> **TASK STATEMENT**
Quote all of the data exactly as given. Skip every picture it contains.

Crawled caption data:

┌────────

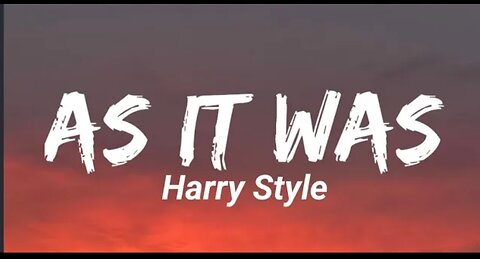 As It Was - Harry Style #harrystyle #as it was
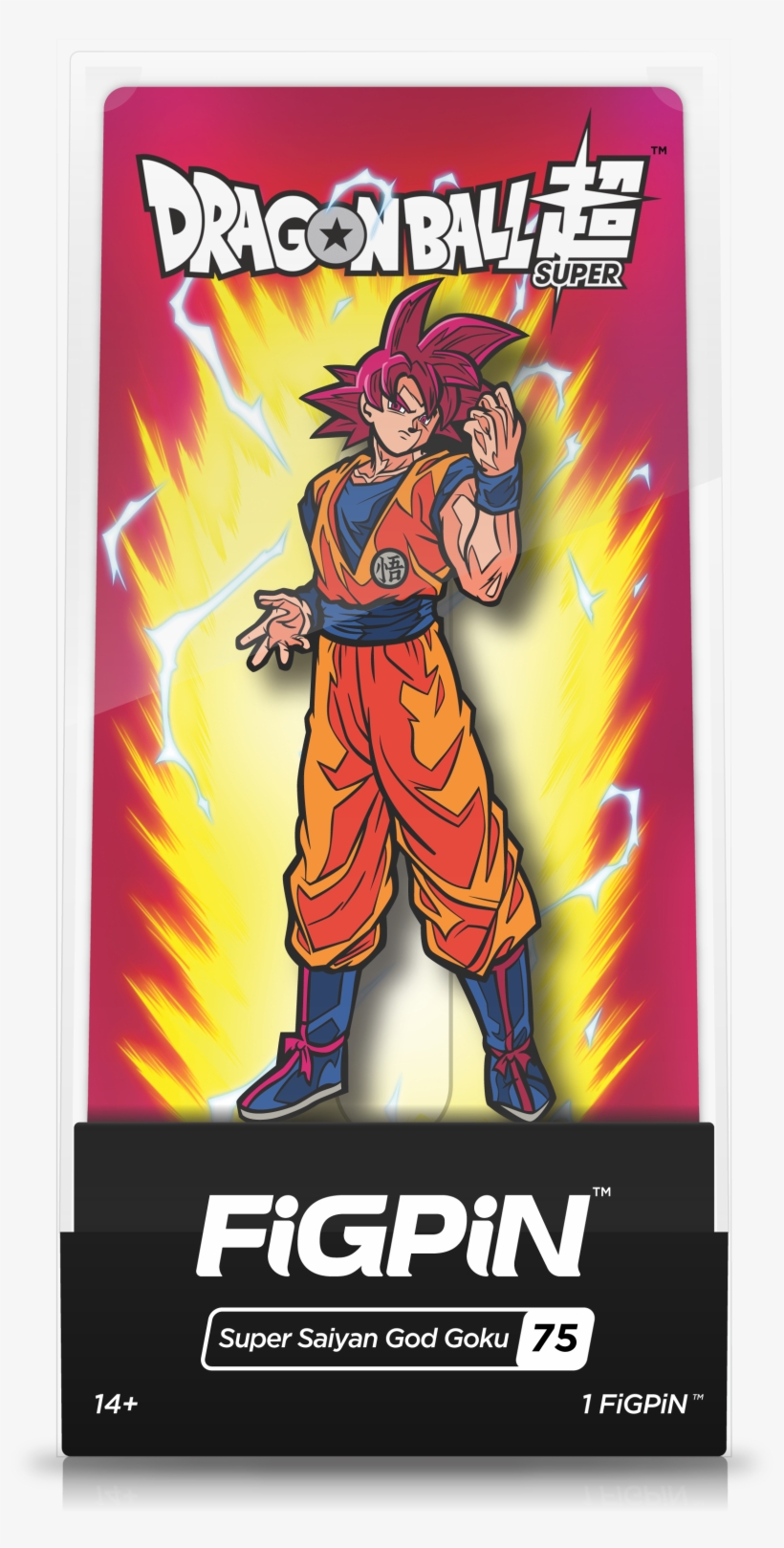 Super Saiyan God Goku - Dragon Ball Super Figpin, transparent png #4533912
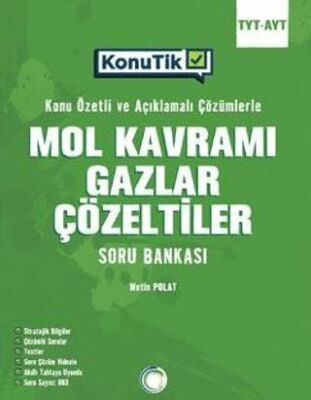 TYT-AYT Konutik Mol Kavramı Gazlar Çözeltiler - Metin Polat kitap kapağı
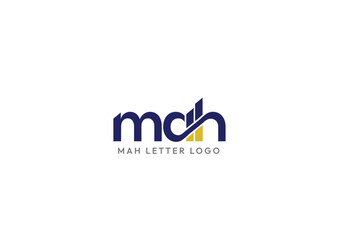 Modern mch letter logo design isolated on white background for company use logo
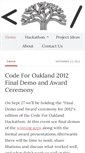 Mobile Screenshot of codeforoakland.org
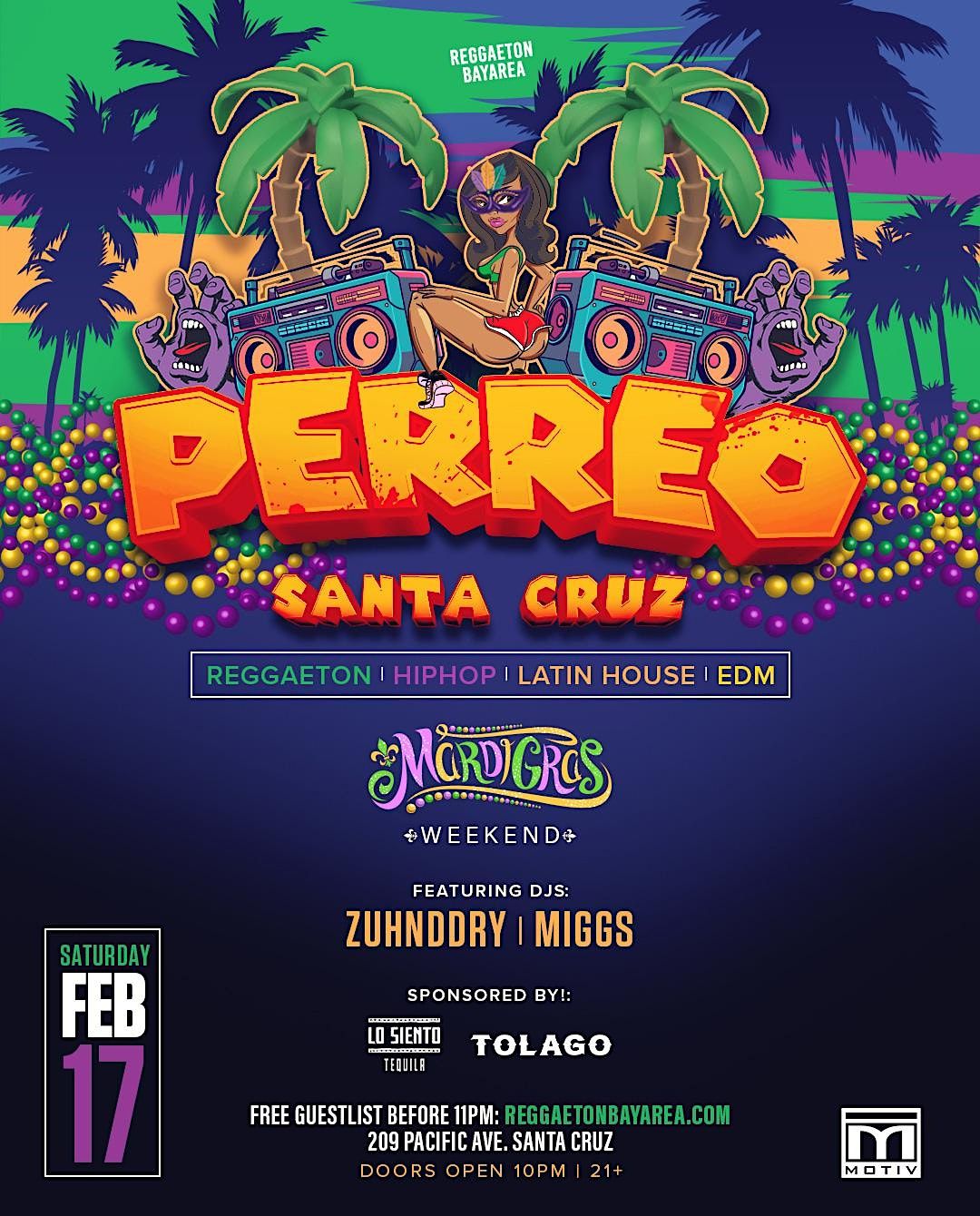 PERREO SANTA CRUZ MOTIV NIGHTCLUB Hiphop Reggaeton Latin EDM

└────────

> **ANSWER FOR THE TASK**
 As It Was - Harry Style #harrystyle #as it was
 Super Saiyan God Goku - Dragon Ball Super Figpin, transparent png #4533912
 TYT-AYT Konutik Mol Kavramı Gazlar Çözeltiler - Metin Polat kitap kapağı
 Modern mch letter logo design isolated on white background for company use logo
 Mobile Screenshot of codeforoakland.org
 PERREO SANTA CRUZ MOTIV NIGHTCLUB Hiphop Reggaeton Latin EDM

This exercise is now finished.